**TASK BRIEF:** Your response to the data below should hold nothing except the lines from the one containing "Heavy Duty 16ft" down to the one containing "Features of a good tester", reproduced exactly and without pictures.

**EXTRACTED ENTRIES:**
▬▬▬

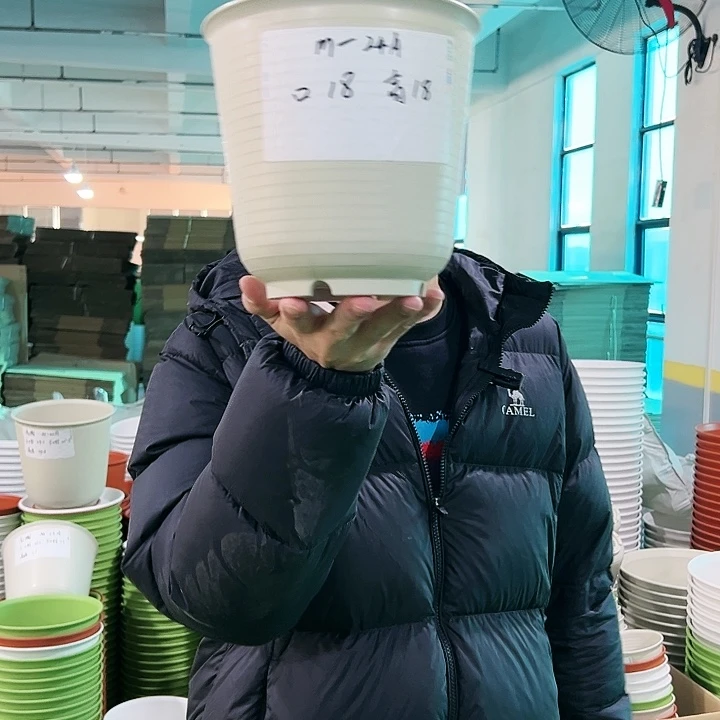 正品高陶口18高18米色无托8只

▬▬▬

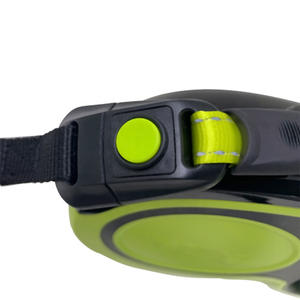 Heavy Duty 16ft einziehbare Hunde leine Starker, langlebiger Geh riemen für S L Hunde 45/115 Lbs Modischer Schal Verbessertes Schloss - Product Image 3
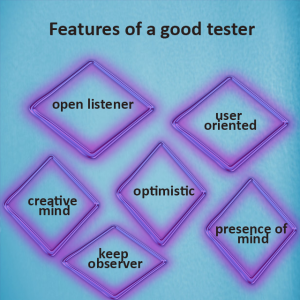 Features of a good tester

▬▬▬

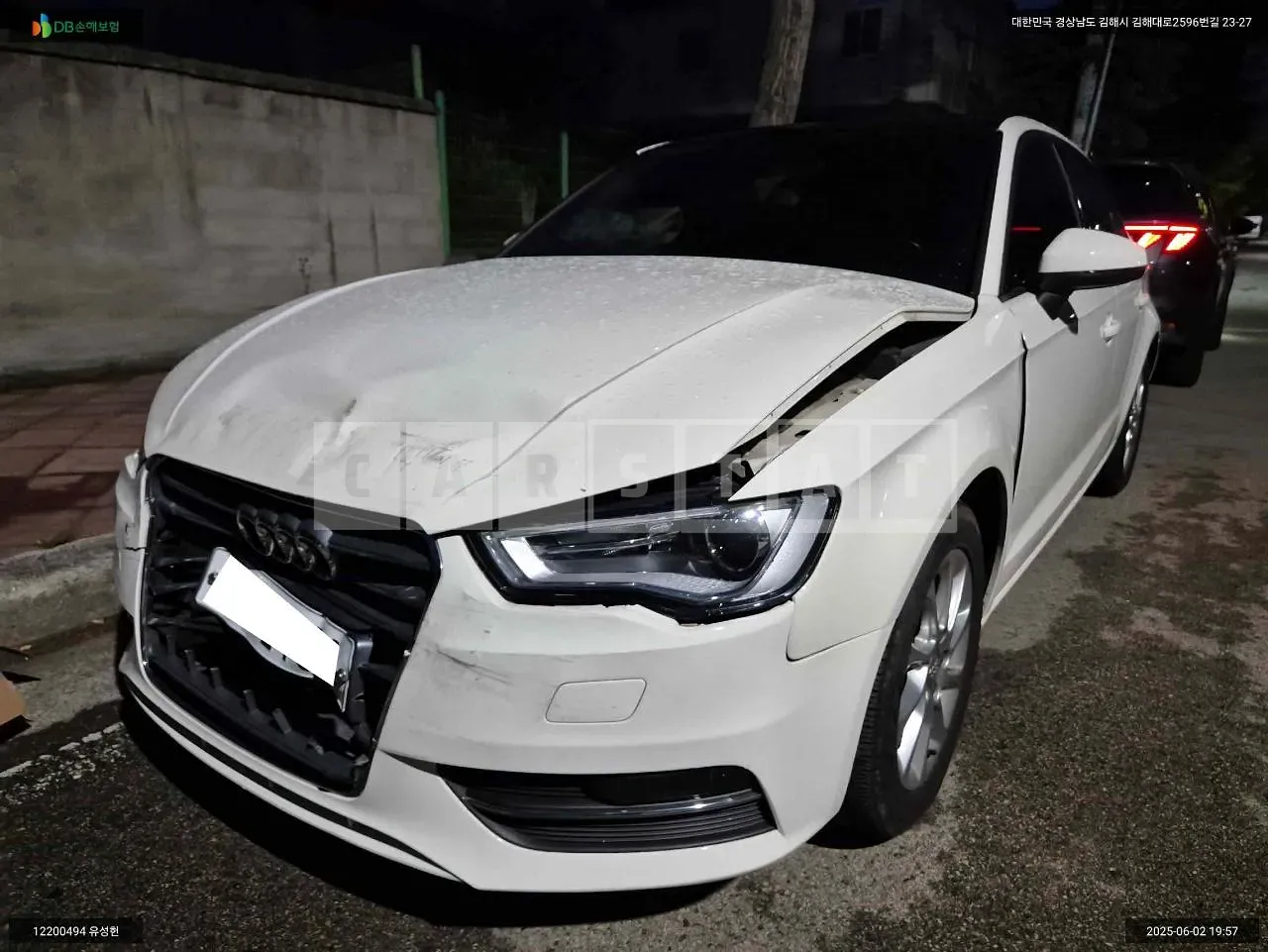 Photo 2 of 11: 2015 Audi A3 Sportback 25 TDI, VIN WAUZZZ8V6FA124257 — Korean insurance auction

▬▬▬

**TASK OUTPUT:**
 Heavy Duty 16ft einziehbare Hunde leine Starker, langlebiger Geh riemen für S L Hunde 45/115 Lbs Modischer Schal Verbessertes Schloss - Product Image 3
 Features of a good tester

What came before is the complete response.